Geradezu reflexartig reagierten US-Politiker auf den Vorfall und forderten noch am Donnerstag schärfere Kontrollen für den Computerhandel. Es sei wieder die Gefahr deutlich geworden, dass „Hochgeschwindigkeits-Computer falsche Geschäfte generieren und am Markt Chaos erzeugen“, erklärte der demokratische Senator Edward Kaufman.

Quelle: Spiegel online

In der Tat – es lässt sich „beim Kampf der Algorithmen“ trefflich spekulieren über den Hochgeschwindigkeitshandel, der nicht immer beherrschbar sein muss. Die Ursachenforschung geht sicherlich noch weiter.

http://www.aktiencheck.de/artikel/analysen-Marktberichte-2057923.html

Zweifelsohne hätten computergesteuerte Algorithmen (High Frequency Trading) für beispiellose Kursverwerfungen (Aktien seien von 47 USD auf 0 USD gefallen) gesorgt, wodurch die Bewegungsdynamik nochmals erhöht worden sei. Andererseits sei die extrem schnelle Aufholrally (der Dow sei von seinem Tief bei 9.869 Zählern wieder auf 10.520 Punkte geklettert) sicherlich auch ein Produkt der Computerprogramme. Laut Medienberichten solle jedoch die Wahrscheinlichkeit hoch sein, dass die Börsen eine ganze Reihe von Trades nachträglich stornieren würden. Wohl aber nur, wenn der Kursverlust mehr als 60% betragen habe.

Quelle: aktiencheck.de

Auch in der wirtschaftlichen Blogosphäre widmen sich einige dem Thema, so etwa hier auf Egghats Blog, wo man zwar keine schlüssige Ursachenforschung erhalten kann, da sieht wohl noch kein menschlicher Vertipper außer dem möglichen Verursacher dahinter – aber zahlreiche interessante Links, Querverbindungen und Updates beleuchten das Thema von unterschiedlichen Blickwinkeln:

http://egghat.blogspot.com/2010/05/warum-kam-es-gerade-zum-crash_06.html

In der aktuellen Ausgabe der Fachzeitschrift „die bank“ gibt es übrigens einen Artikel zum Thema „Schneller als der Blitz“, eine immerhin dreiseitige Analyse (Seite 22ff.) über die Geschäftmodelle im Hochfrequenz-Handel (online noch nicht verfügbar). Immerhin: Jeder Broker handelt beim Deal via High-Frequency täglich bis zu 1 Mrd. Wertpapiere. 

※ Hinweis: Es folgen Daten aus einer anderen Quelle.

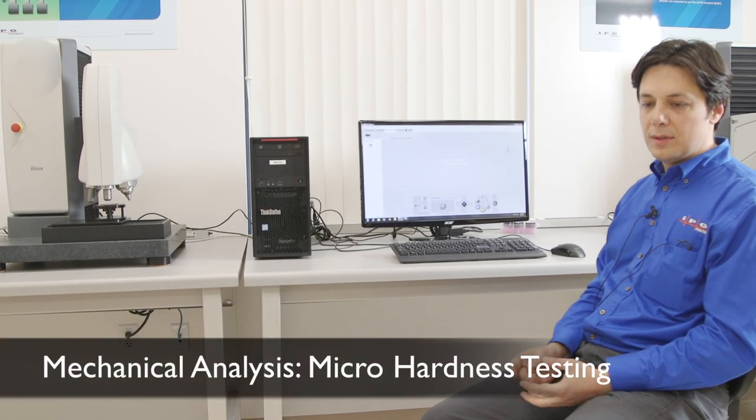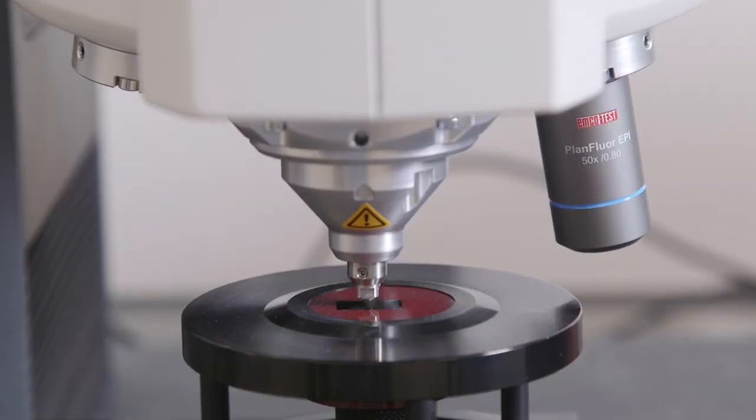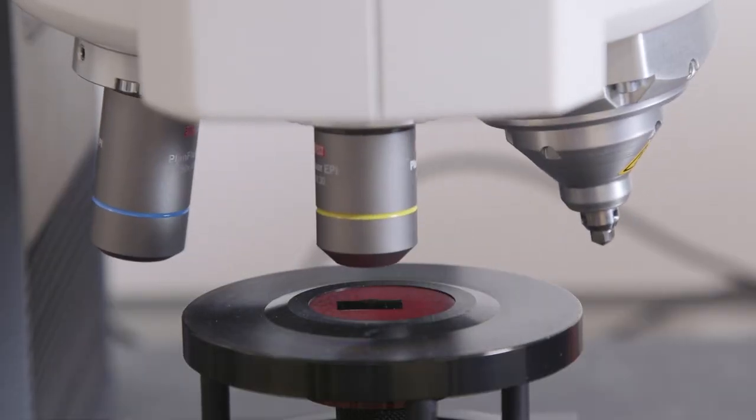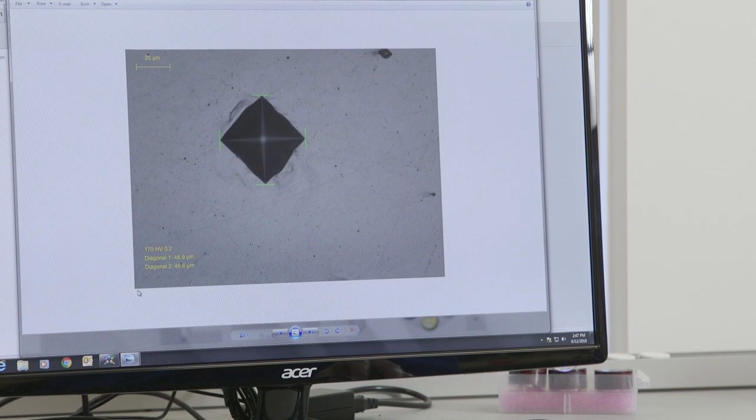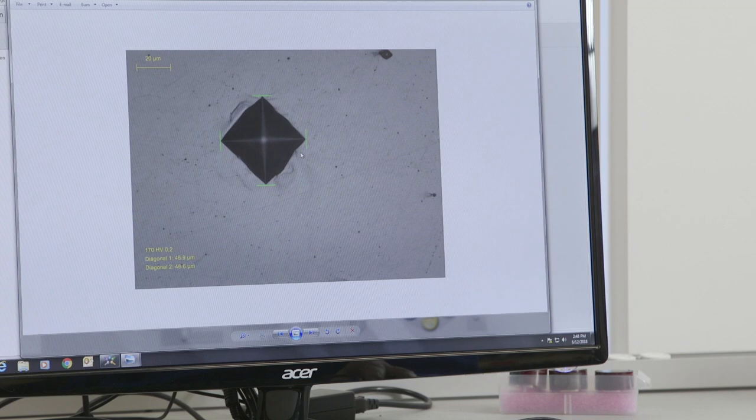In a micro hardness test, we use a low level of forces to create very small micro-level indentations. This is a Vickers micro hardness test performed on the weld zone of a process sample, and the size of the indentation is measured optically by the system.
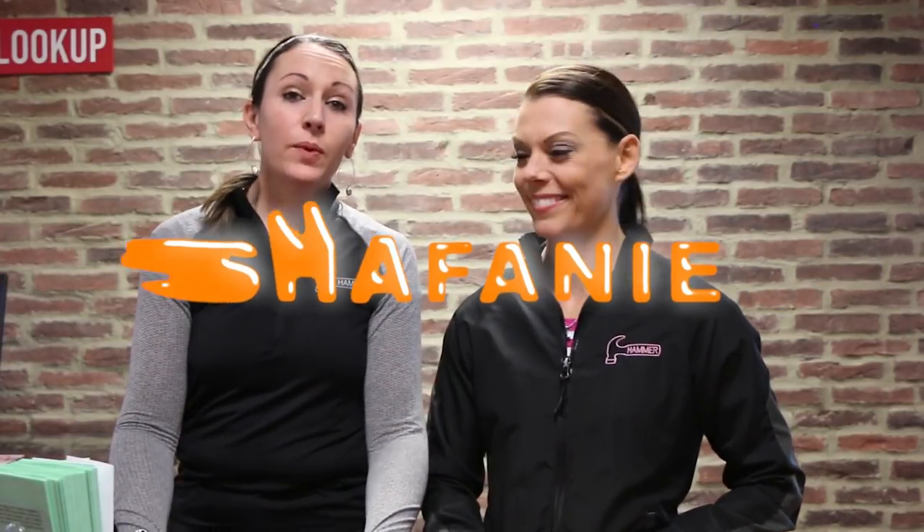Hey y'all, welcome back to The Shafani Show. For those of you that don't know what it is, it's Shannon and Stephanie together — Shafani. And we are here today to introduce to you Hammer's newest ball, the Scandalous.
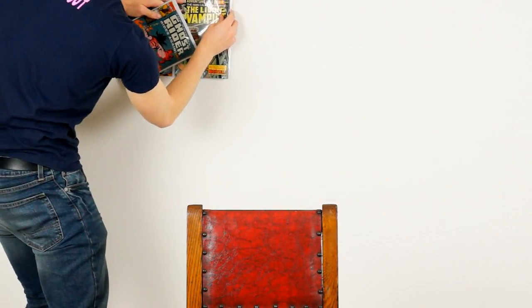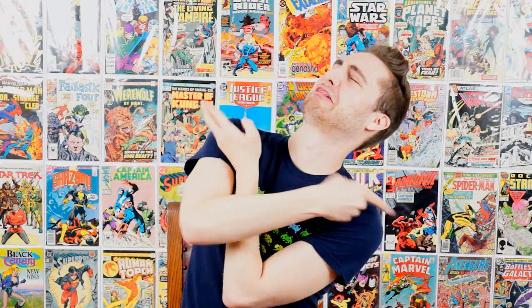Then you quickly put them all in a line. I took a little pencil and made sure it was all level — you don't have to do that, you can just throw comic books on your wall anywhere you want. And then ta-da, look! Yeah, that's a thing. You did that, Dylan.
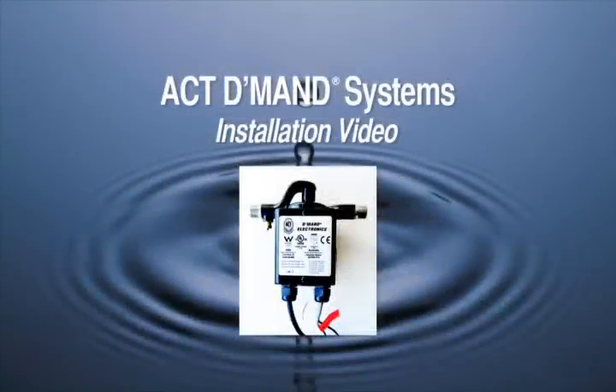ACT Demand Systems are one of the most sustainable products available to the homeowner in the last 20 years. ACT Demand Systems have been tested by the U.S. Department of Energy, proven to save both water and energy at a cost to you of less than $1 a year and a life expectancy of 15 to 20 years.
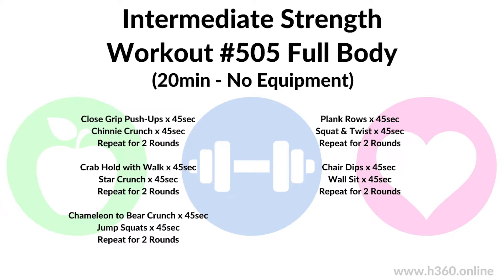Hi and welcome to Intermediate Strength Workout number 505. This is a full body 20-minute no-equipment workout. Today we've got supersets: close grip push-ups with chinny crunch for two rounds, then crab hold with walk and star crunch, then chameleon to bear crunch with jump squats, then plank rows with squat and twist, and finally chair dips with a wall sit. We're working for 45 seconds and resting for 15 seconds, repeating each round twice.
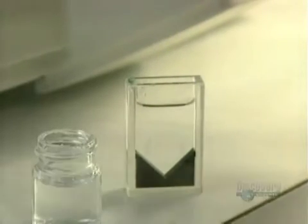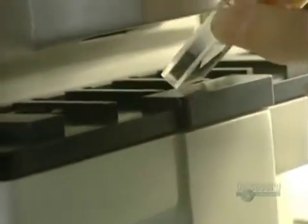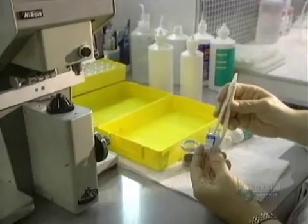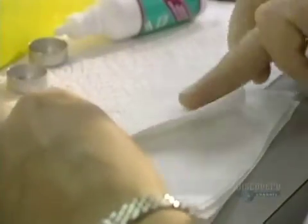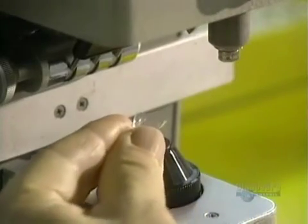This optical topographer is used to verify, through color distribution, whether the spread of optical power in the lens is precise enough to assure perfect vision. The soft, fragile lenses are always handled with the greatest of care. This unit, called a frontofocal meter, is a metering device which verifies the optical precision of the lens.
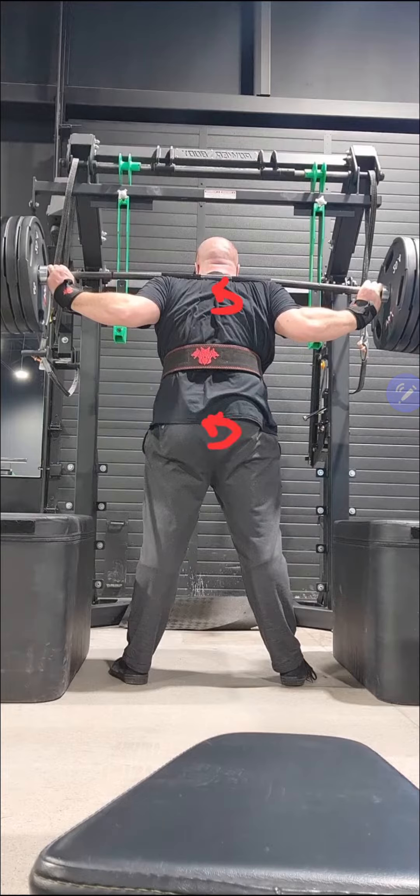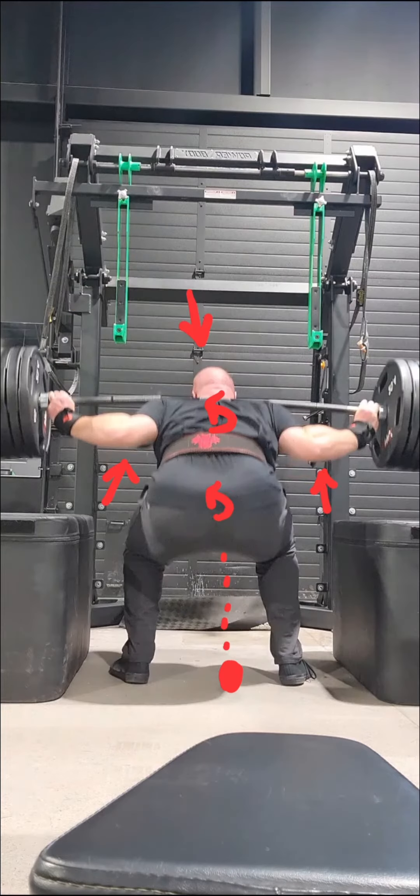Looking at the start position, everything is rotated off to the left. My hips are turned and pointed to the left, my shoulders are pointed to the left, and the effects of that start to carry downstream. Not only am I turned to the left, but the bar is now sitting higher on the left-hand side than the right-hand side, and I've also shifted my pressure over to my left foot rather than evenly balanced between left and right. You can see the red circle on the ground is much closer to the left, which is obviously not an optimal position to be starting from.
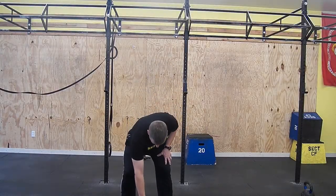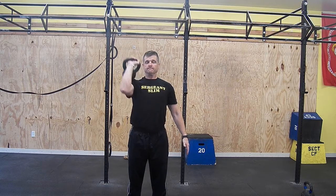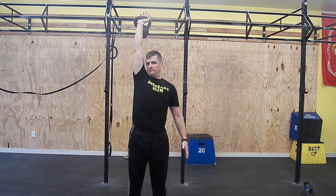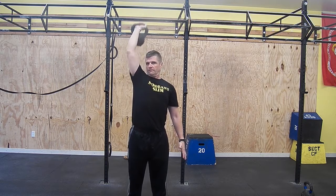Press. Stand with your feet slightly wider than shoulder width. Take the bell from the rack or clean it from the floor and position in front of your chest with the bell against the outside of your arm. Press the bell up until your arm is extended overhead, then lower to the front of your chest.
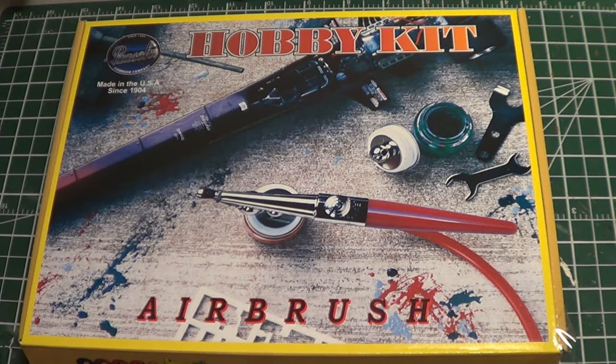Hey everybody, so I'm back today just doing a little bit of a review on a new piece of equipment that I had gotten. Some of you may remember that I've recently done an airbrushing after three years video where I just talked a little bit about my experiences after three years. There were a lot of good comments and dialogue in the comments section on that video.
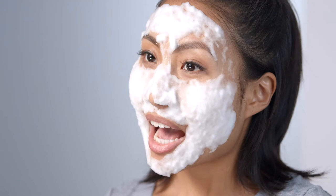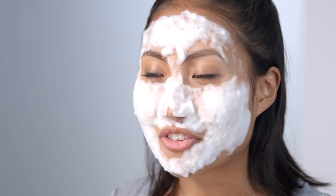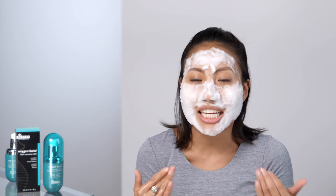Now you're going to leave it on for three to five minutes to allow the oxygen spheres to fully activate. I personally don't like to rush this process because I love the bubbly, tingling sensation of my skin being pampered. It's like champagne for your skin and it just leaves everything feeling so fresh and clean and new.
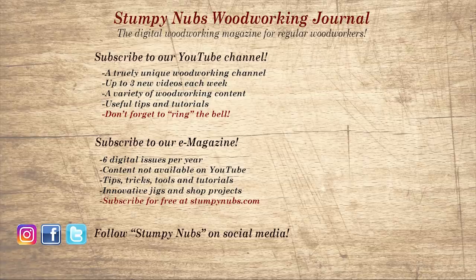Wait, don't go yet. If you're new here, please subscribe and remember to ring the bell — I would really appreciate that. Give us a thumbs up, or better yet, leave us a comment; I always read them. And be sure to check out the latest issue of Stumpy Nub's Woodworking Journal — it's always packed with tips, tricks, and tutorials designed to make you a better woodworker.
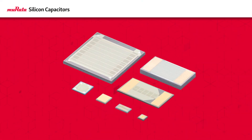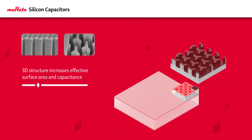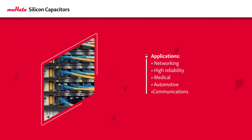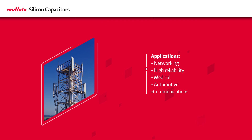Murata silicon capacitors use a unique high aspect ratio 3D structure on a silicon substrate to substantially increase the effective capacitor surface area, significantly shrinking capacitor size while also reducing ESL and ESR, addressing the needs of networking, high reliability, medical, automotive, and communications applications.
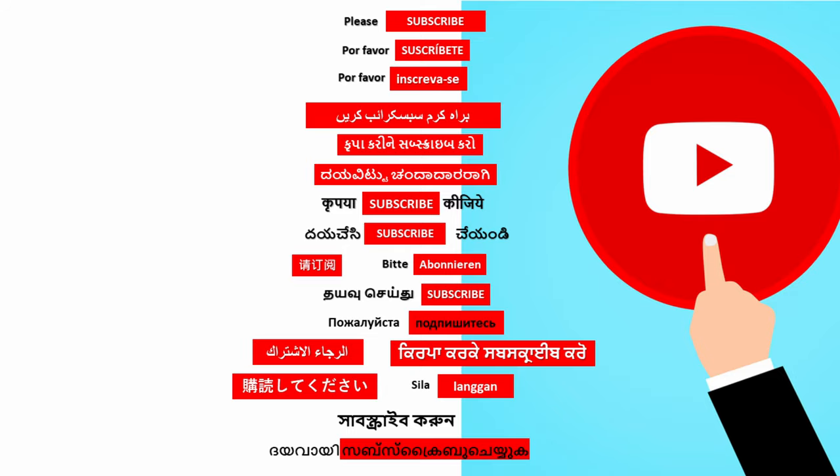Thank you. Please like our video and subscribe. Tap on the bell notification to get more interesting videos.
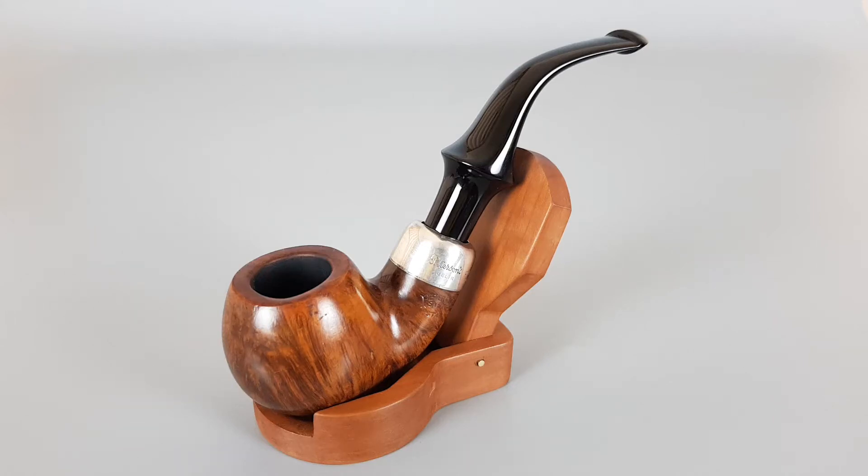Hello and welcome to a new pipe presentation video. Today we are having a closer look at the 2003 Irish State Peterson System Star. Smooth finish, large size, bent apple shape 302 with saddle stem and a philip.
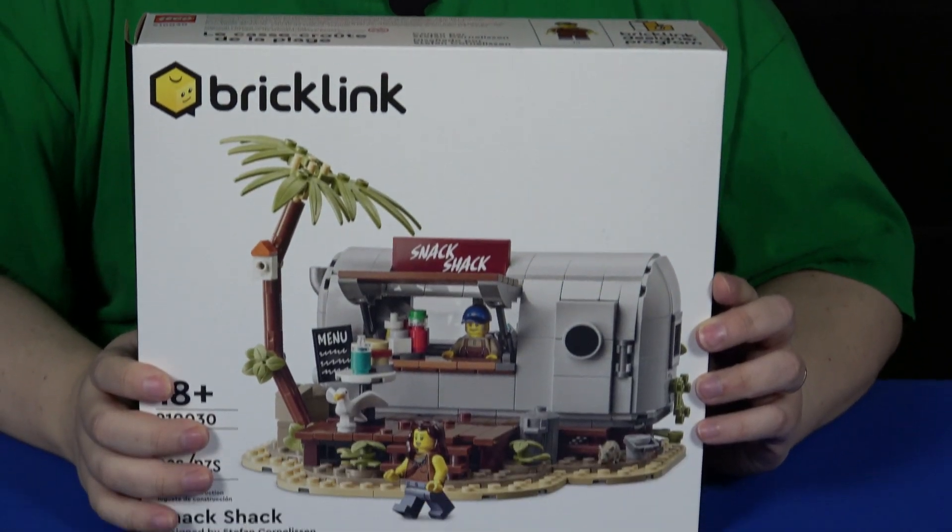Hey BrickBloggateers, Will here, and today we're looking at set 910030 Snack Shack.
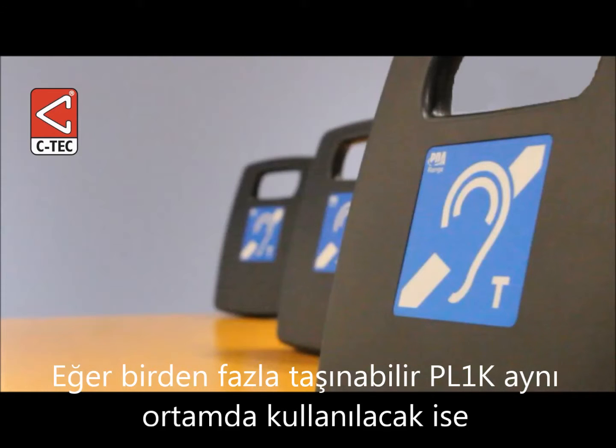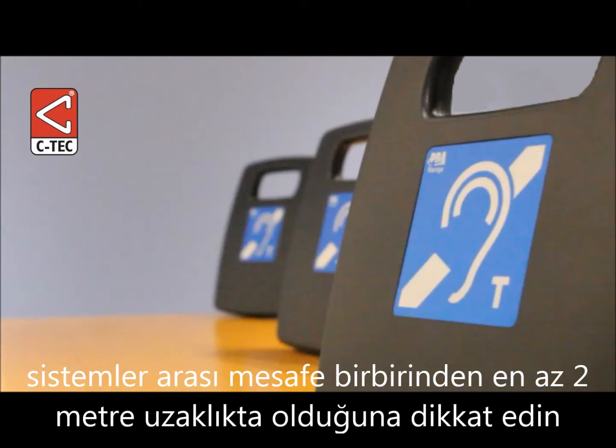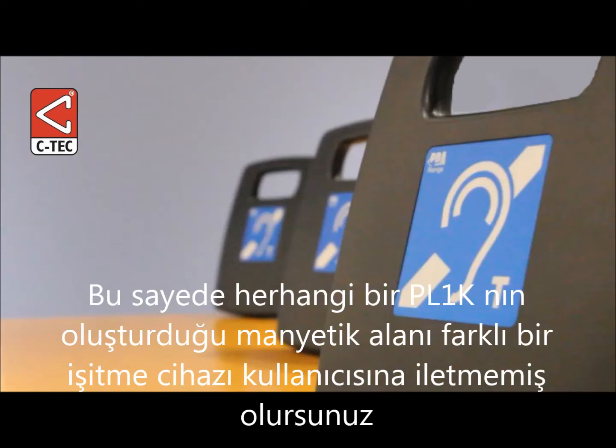If multiple portable induction loop amplifiers are to be used, take care to ensure there is a gap of at least 2 metres between each system to avoid the field being generated by one system being picked up by another hearing aid user stood or sat at another system.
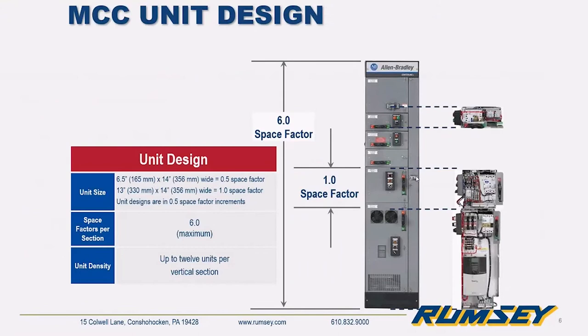A standard MCC section is 90 inches high, 20 inches wide, and 15 inches deep. There are also 71-inch tall short sections and 20-inch deep sections available depending on requirements. When we refer to a space factor, it's essentially a measurement tool — half a space factor is six and a half inches, and in one vertical section you're allowed six total space factors, so theoretically you could have 12 half-space-factor units in a 90-inch section.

Bis zu 5.000 Geschäfte an guten Tagen schafft bloß der kleine Mensch – und die Maschine? Na ja, 60 Mio. Kauf- und Verkaufsaufträge sind bei entsprechender Laune drin in einem einzigen Computerprogramm bis sich die Sonne in den unterschiedlichen Erdteilen wieder hebt und senkt (also 24×7) – und da wird man oder frau sich doch mal „vertippen“ dürfen, oder?

Nur, jeder kleine Vertipper hat so seine Folgen: Experten kalkulieren den Anteil des „Algo-Handels“ am US-Aktienhandel auf über 60 Prozent im vergangenen Jahr. Der Anteil am Xetra-Volumen soll ebenfalls schon knapp die Hälfte betragen. Achtung Rutschgefahr. Zu Risiken und Nebenwirkungen befragen Sie am besten … jetzt fällt mir gerade auch nichts Geistreiches dazu ein.

Es gibt unterschiedliche Strategien von Cross-Asset, über Pairs Trading, statistische Arbitrage, Volatilitäts-Handel, bis hin zu Block Trades. Da kann schon mal was schiefgehen, wenn die Geschäfte eben „schneller sind als der Blitz dies erlaubt“. Fragt sich nur, wer am Ende davon profitiert oder verliert?  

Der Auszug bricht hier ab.